The National Communications Commission (NCC) yesterday rejected an application by the Broadcasting Corporation of China (BCC) to split into a radio station and an asset management company.
NCC spokesperson Chen Jeng-chang (陳正倉) said the company had yet to resolve an administrative lawsuit that had been brought by the Executive Yuan as well as legal disputes with the Ministry of Transportation and Communications (MOTC) over BCC’s property holdings.
“Since the company remains entangled in so many unresolved lawsuits, the commission decided not to grant approval to the company’s application,” Chen said.

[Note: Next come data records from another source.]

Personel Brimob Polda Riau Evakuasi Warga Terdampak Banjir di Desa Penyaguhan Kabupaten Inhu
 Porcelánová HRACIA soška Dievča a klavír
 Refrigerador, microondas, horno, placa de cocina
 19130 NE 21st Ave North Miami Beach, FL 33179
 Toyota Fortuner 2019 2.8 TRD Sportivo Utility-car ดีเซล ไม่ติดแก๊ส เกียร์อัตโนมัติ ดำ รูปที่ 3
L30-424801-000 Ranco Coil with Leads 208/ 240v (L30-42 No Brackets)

During its review of the application, the commission invited BCC chairman Jaw Shaw-kong (趙少康) to explain why the company needed to establish a property management firm, Chen said.
“He [Jaw] said the company’s strength lay in its radio broadcast capabilities and that it did not have much experience handling property assets,” Chen said. “But the company had acquired so much real estate over the years that a need arose for a land management firm.”
The NCC said the Government Information Office (GIO) issued an administrative ruling in 2004 regarding some of BCC’s properties that were allegedly owned by the Chinese Nationalist Party (KMT).
One of the conditional clauses in the ruling was that BCC could not dispose of its properties before its lawsuits with the MOTC had been settled.
After the NCC was established in 2006, it annulled the clause, ruling that while the GIO had been entitled to launch an investigation into BCC’s properties to determine if some were in fact owned by the KMT, the GIO was not justified in ordering BCC to freeze all of its accounts and properties.
The NCC’s ruling was annulled by the Executive Yuan in 2007. Meanwhile, BCC disagreed with the Executive Yuan’s ruling in 2007 and filed an administrative appeal to the Executive Yuan, which dismissed the appeal. BCC then filed an administrative lawsuit at the Taipei High Administrative Court, which has not yet ruled on the case.
Huang Chin-yi (黃金益), deputy director of the NCC’s operational administration department, said that both the administrative lawsuit and the property lawsuits had to be settled before the commission could review BCC’s division application.
“The commission asked BCC to meet several requirements before it conditionally approved the transfer of BCC’s shares to Jaw two years ago, including having its shares traded in public within two years,” Huang said. “The company remains unable to meet this criterion because it is involved in so many lawsuits.”
Huang said that although BCC’s administrative lawsuit with the Executive Yuan seemed more crucial, the unresolved property lawsuits with the MOTC might still prevent it from meeting the NCC’s requirements.